One aspect might include having a close look at the [STIX](https://oasis-open.github.io/cti-documentation/stix/intro) guidelines mentioned in APTNER (STIX2.1) and DNRTI (STIX).
Having a closer look at STIX might also be interesting to find other CTI-datasets also including relationships.

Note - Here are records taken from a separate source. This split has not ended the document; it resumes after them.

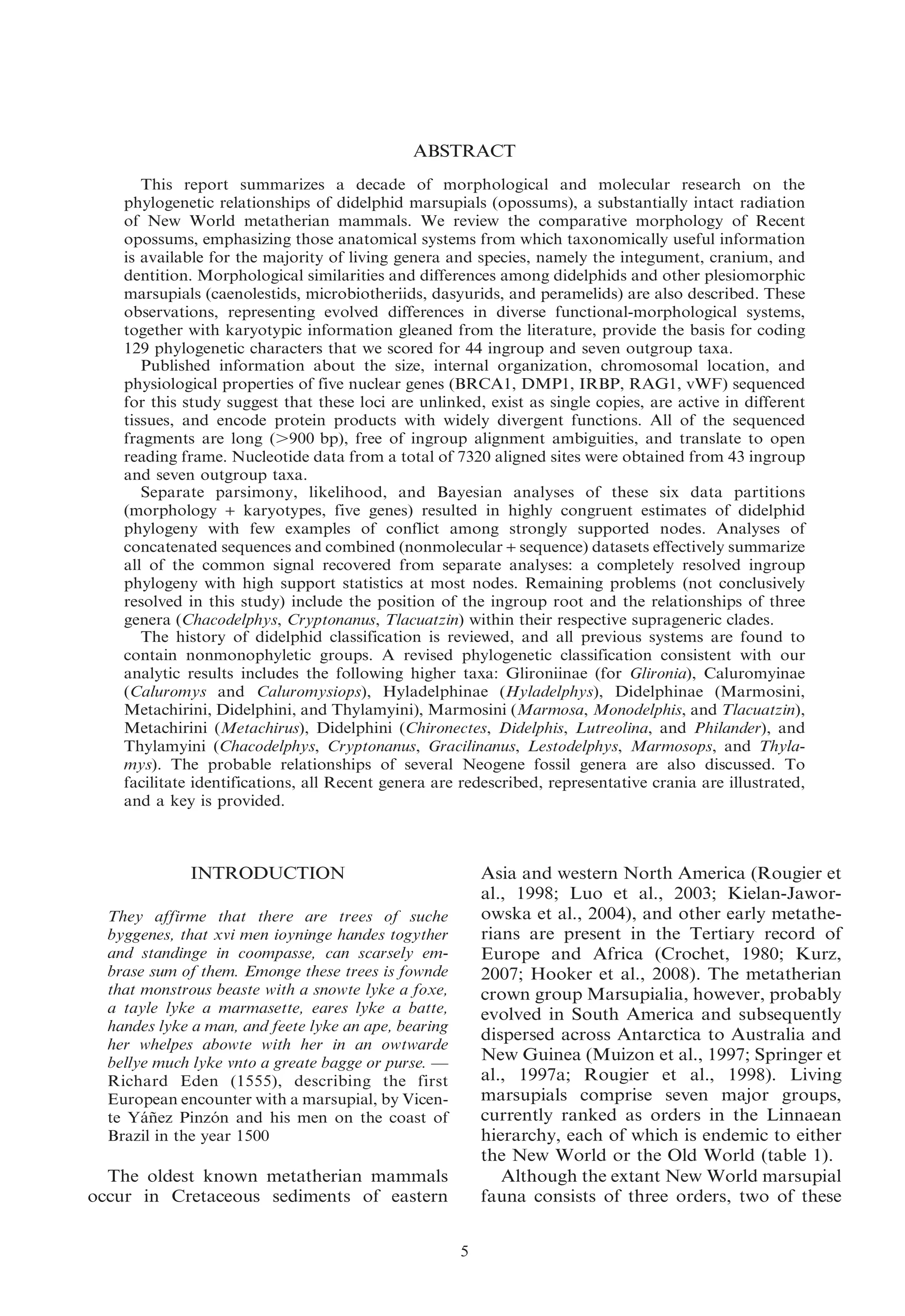 ABSTRACT
This report summarizes a decade of morphological and molecular research on the
phylogenetic relationships of didelphid marsupials (opossums), a substantially intact radiation
of New World metatherian mammals. We review the comparative morphology of Recent
opossums, emphasizing those anatomical systems from which taxonomically useful information
is available for the majority of living genera and species, namely the integument, cranium, and
dentition. Morphological similarities and differences among didelphids and other plesiomorphic
marsupials (caenolestids, microbiotheriids, dasyurids, and peramelids) are also described. These
observations, representing evolved differences in diverse functional-morphological systems,
together with karyotypic information gleaned from the literature, provide the basis for coding
129 phylogenetic characters that we scored for 44 ingroup and seven outgroup taxa.
Published information about the size, internal organization, chromosomal location, and
physiological properties of five nuclear genes (BRCA1, DMP1, IRBP, RAG1, vWF) sequenced
for this study suggest that these loci are unlinked, exist as single copies, are active in different
tissues, and encode protein products with widely divergent functions. All of the sequenced
fragments are long (.900 bp), free of ingroup alignment ambiguities, and translate to open
reading frame. Nucleotide data from a total of 7320 aligned sites were obtained from 43 ingroup
and seven outgroup taxa.
Separate parsimony, likelihood, and Bayesian analyses of these six data partitions
(morphology + karyotypes, five genes) resulted in highly congruent estimates of didelphid
phylogeny with few examples of conflict among strongly supported nodes. Analyses of
concatenated sequences and combined (nonmolecular + sequence) datasets effectively summarize
all of the common signal recovered from separate analyses: a completely resolved ingroup
phylogeny with high support statistics at most nodes. Remaining problems (not conclusively
resolved in this study) include the position of the ingroup root and the relationships of three
genera (Chacodelphys, Cryptonanus, Tlacuatzin) within their respective suprageneric clades.
The history of didelphid classification is reviewed, and all previous systems are found to
contain nonmonophyletic groups. A revised phylogenetic classification consistent with our
analytic results includes the following higher taxa: Glironiinae (for Glironia), Caluromyinae
(Caluromys and Caluromysiops), Hyladelphinae (Hyladelphys), Didelphinae (Marmosini,
Metachirini, Didelphini, and Thylamyini), Marmosini (Marmosa, Monodelphis, and Tlacuatzin),
Metachirini (Metachirus), Didelphini (Chironectes, Didelphis, Lutreolina, and Philander), and
Thylamyini (Chacodelphys, Cryptonanus, Gracilinanus, Lestodelphys, Marmosops, and Thylamys). The probable relationships of several Neogene fossil genera are also discussed. To
facilitate identifications, all Recent genera are redescribed, representative crania are illustrated,
and a key is provided.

Additionally, STIX adds an interesting turn in working with CTI-data by introducing not only "Entities" and "Relations" but also "Sightings" defined as: "belief that something in CTI (e.g., an indicator, malware, tool, threat actor, etc.) was seen". This is especially fascinating, because a relation like "Kaspersky Lab detected Trojan.Win32.Agent" can be seen as the facts of having a CTI already broke the system. In contrast, a "sighting" is information streamed in real-time data not proven to be true or false, thus making the task of detecting cyberattacks especially difficult.

### Other (not) usable datasets:
* [1TCFII](https://dataverse.harvard.edu/dataset.xhtml?persistentId=doi:10.7910/DVN/1TCFII) contains 1000 binary annotated tweets. This is maybe good for a final model.

* [twitter-cyberthreat-detection](https://paperswithcode.com/dataset/twitter-cyberthreat-detection-dataset) contains annotated tweets by their id. Hence, the data is not directly accessible.

* [BERT-for-Cybersecurity-NER](https://github.com/stelemate/BERT-for-Cybersecurity-NER) only contains data written in chinese.

* [CTIMiner](https://github.com/dgkim0803/CTIMiner) maybe interesting but behind paywall and uses XML structure.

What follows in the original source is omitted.